START Data section

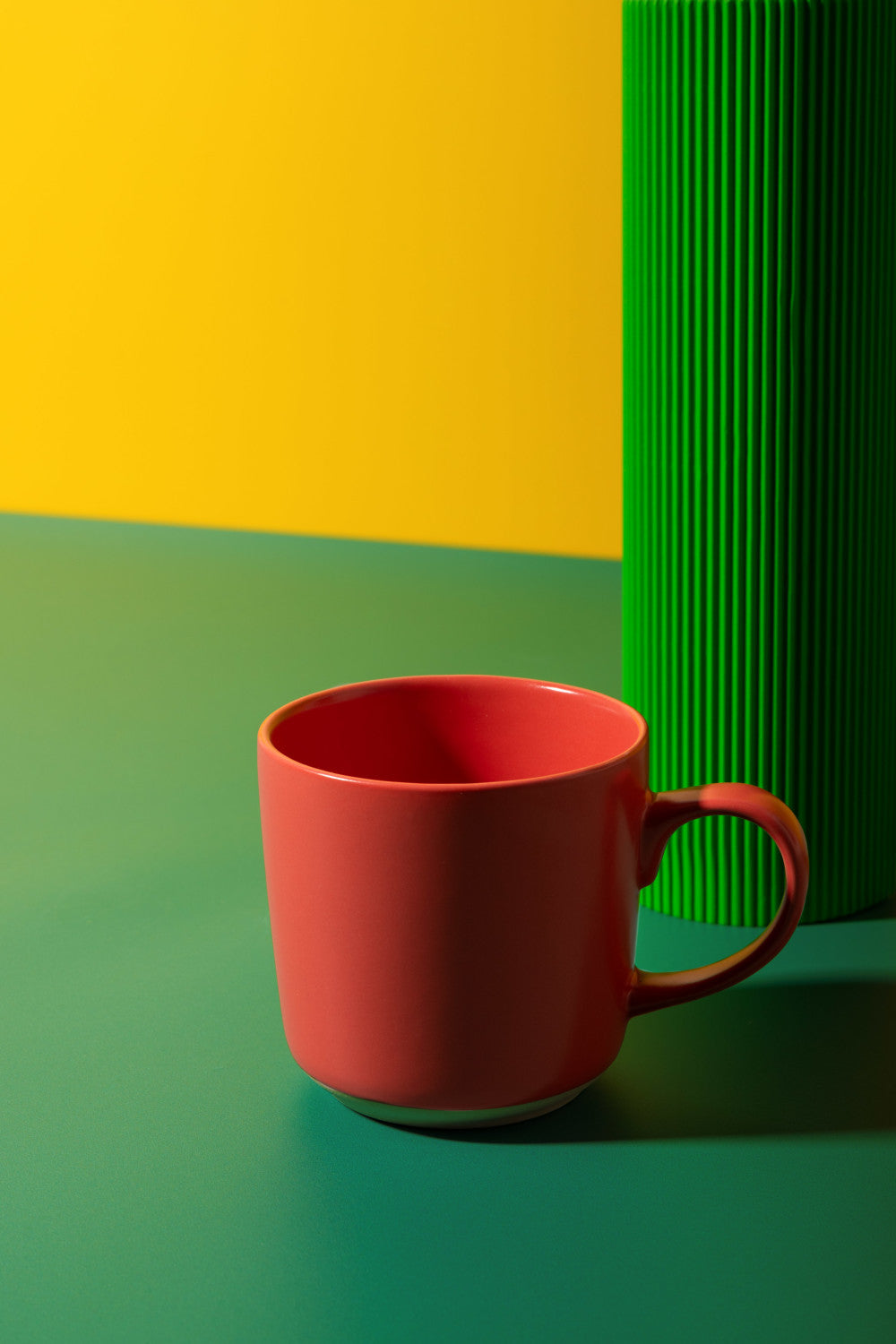 La Cafetière Ceramic Coffee Mug 350ml (Red)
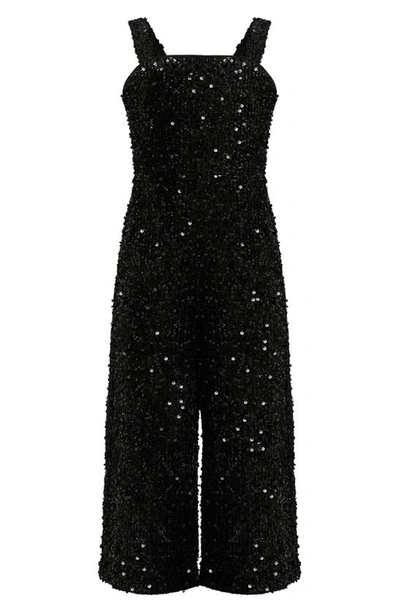 Shop Bardot Junior Kids' Briony Sequin Jumpsuit In Black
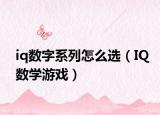 iq数字系列怎么选（IQ数学游戏）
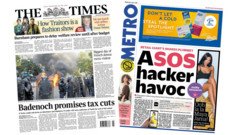 The Papers: 'Badenoch promises tax cuts' and 'Asos hacker havoc'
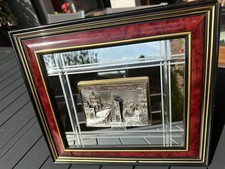 Quadro bassorilievo argento usato  Bergamo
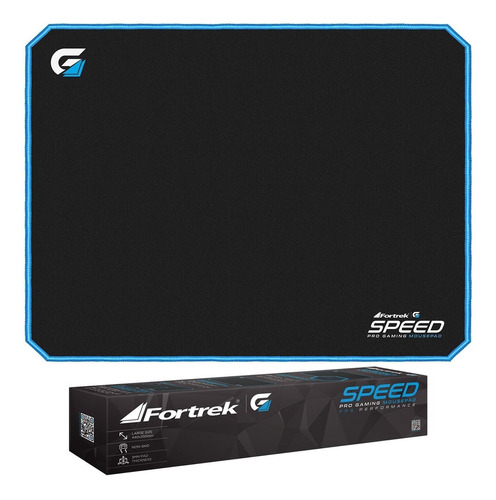 Mouse Pad Gamer Fortrek Speed Mpg102 Azul 440x350mm Grande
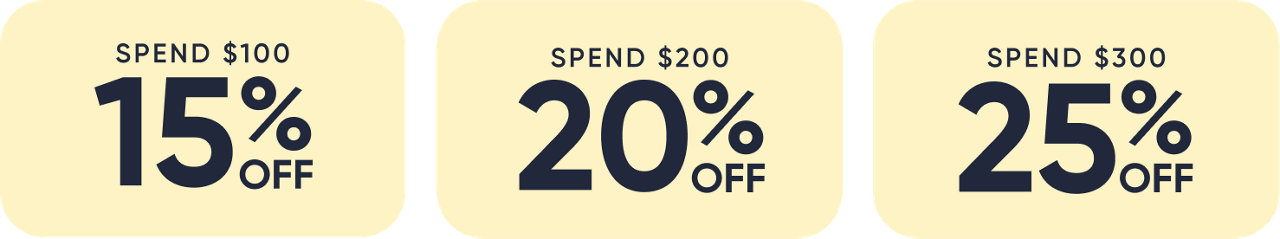Buy more, save more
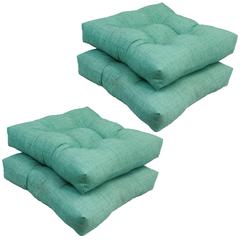 19-inch Squared Patterned Spun Polyester Tufted Dining Chair Cushions (Set of 4) 94005-4CH-JO16-16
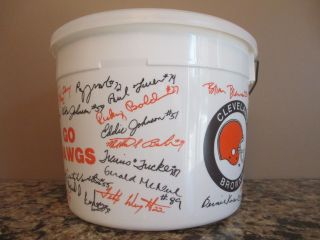 Vintage Cleveland Browns Ice Cream Pail / Bucket With Facsimile Signatures Kosar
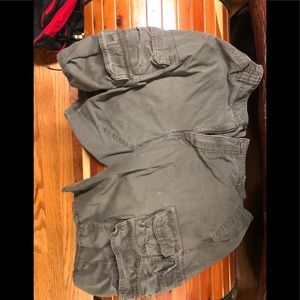 Lee dungaree cargo shorts size 34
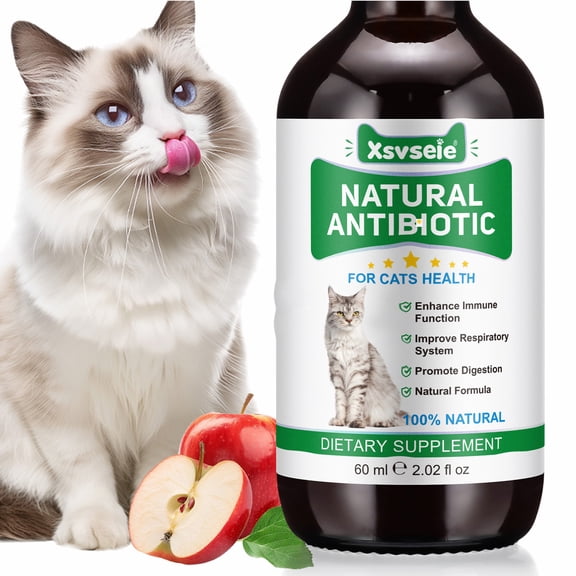 Gentle Antibiotic Drops for Cats - Cat Antibiotics, Immune Support, Allergy Relief, Chicken Flavor 2 fl.oz(60 ml)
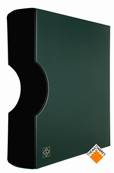 Reliure GRANDE Classic GIGANT avec Etui Vert Leuchtturm CLGRSETG 337958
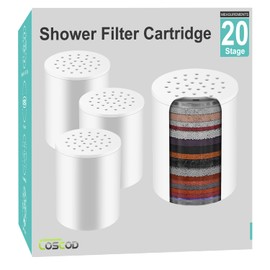 20 Stage Shower Filter Replacement Cartridge - Universal Cartridges with Vitamin C High Output Removing Heavy Metals Hard Wate,Fits All the Similar Shower Filters - 3 Pack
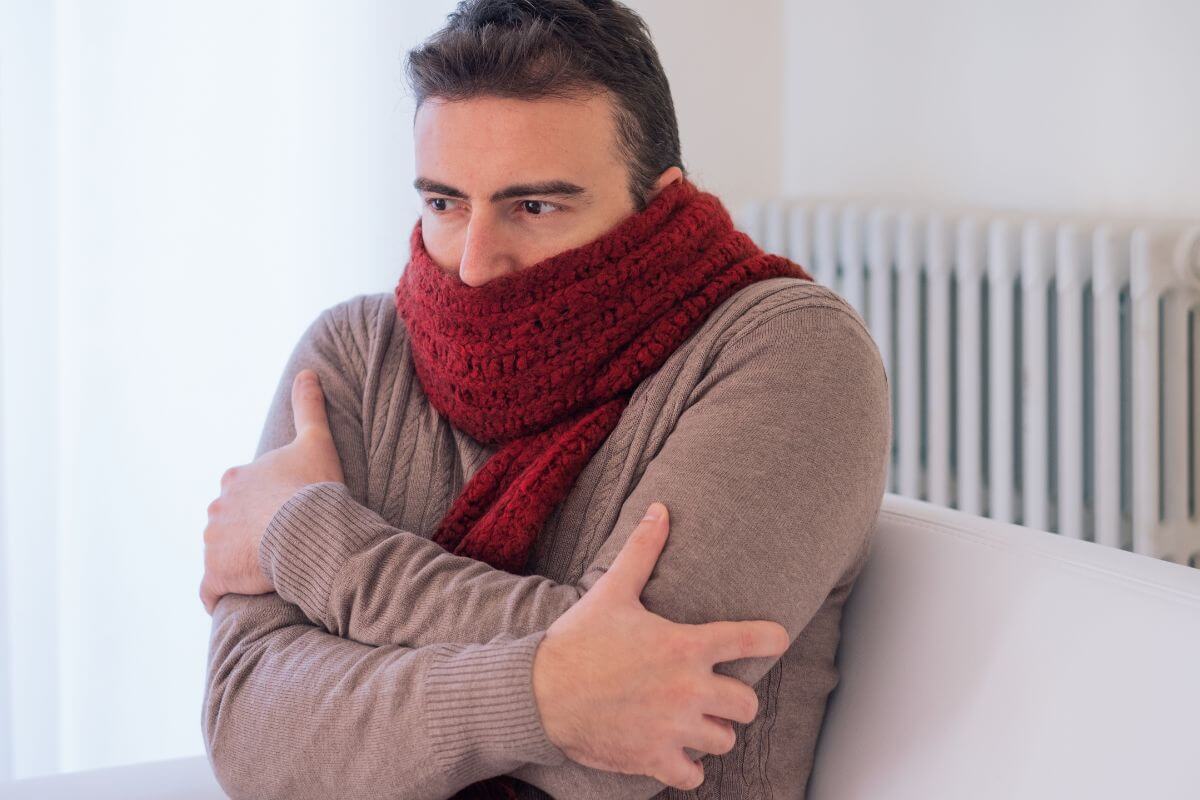 Man Getting Really Cold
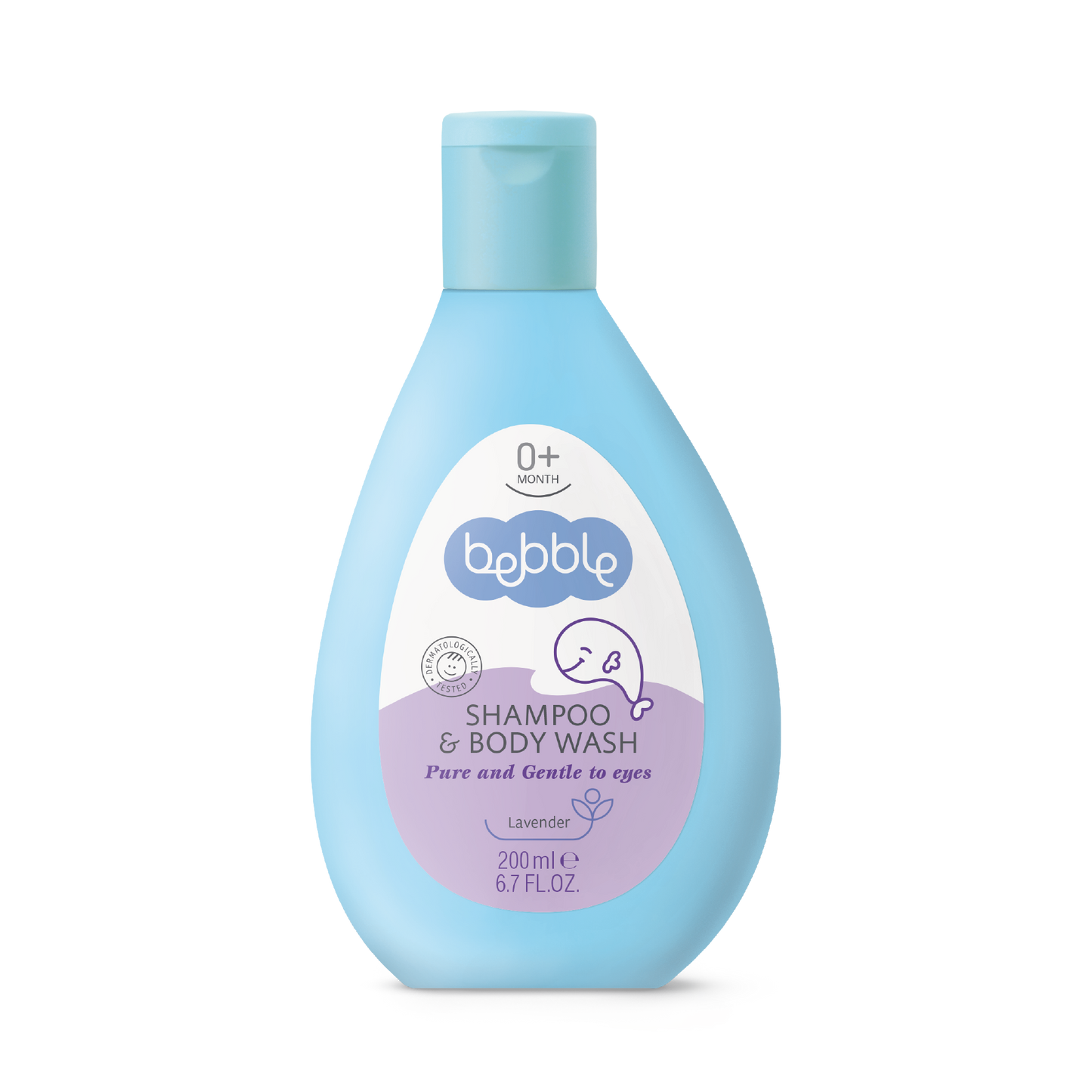 Bebble Shampoo & Body Wash Lavender 200ml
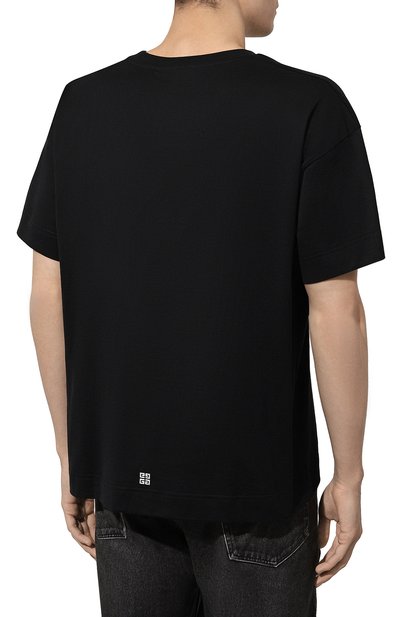 Хлопковая футболка GIVENCHY черного цвета по цене 76300 руб., арт. BM71JB3YJ9, фото 4 Хлопковая футболка GIVENCHY, арт. BM71JB3YJ9, фото 4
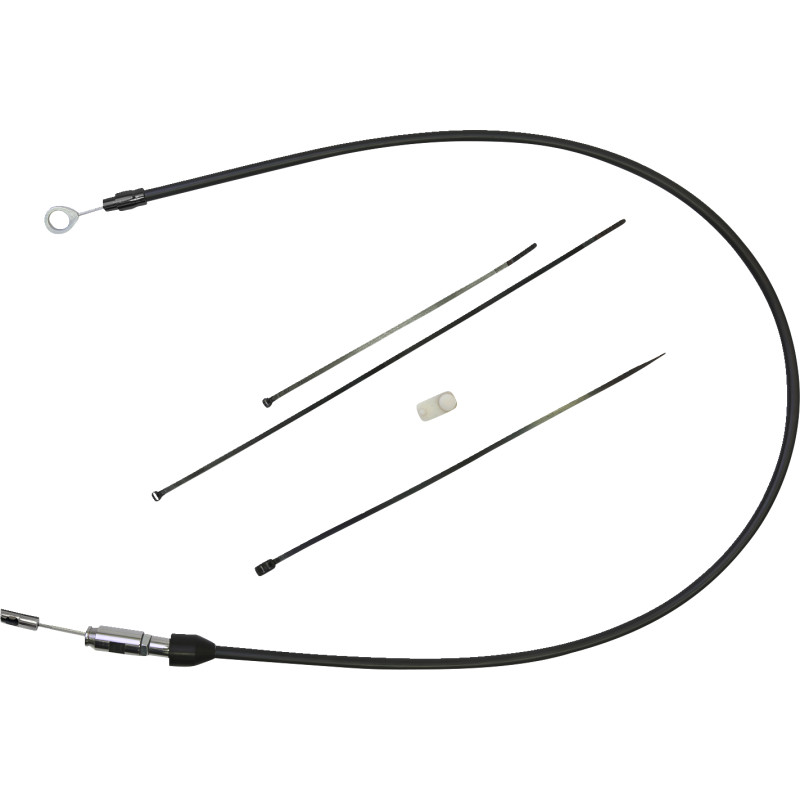 Quick Connect Braided Upper Clutch Cable - 38in. - Black/Black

END Data section

Aim of the exercise ▸
From the records above, copy only the lines running from the line holding "Mouse Pad Gamer" through the line holding "20 Stage Shower", with no pictures.

Result for this task ▸
 Mouse Pad Gamer Fortrek Speed Mpg102 Azul 440x350mm Grande
Buy more, save more
 19-inch Squared Patterned Spun Polyester Tufted Dining Chair Cushions (Set of 4) 94005-4CH-JO16-16
 Vintage Cleveland Browns Ice Cream Pail / Bucket With Facsimile Signatures Kosar
 Lee dungaree cargo shorts size 34
 Gentle Antibiotic Drops for Cats - Cat Antibiotics, Immune Support, Allergy Relief, Chicken Flavor 2 fl.oz(60 ml)
 Reliure GRANDE Classic GIGANT avec Etui Vert Leuchtturm CLGRSETG 337958
 20 Stage Shower Filter Replacement Cartridge - Universal Cartridges with Vitamin C High Output Removing Heavy Metals Hard Wate,Fits All the Similar Shower Filters - 3 Pack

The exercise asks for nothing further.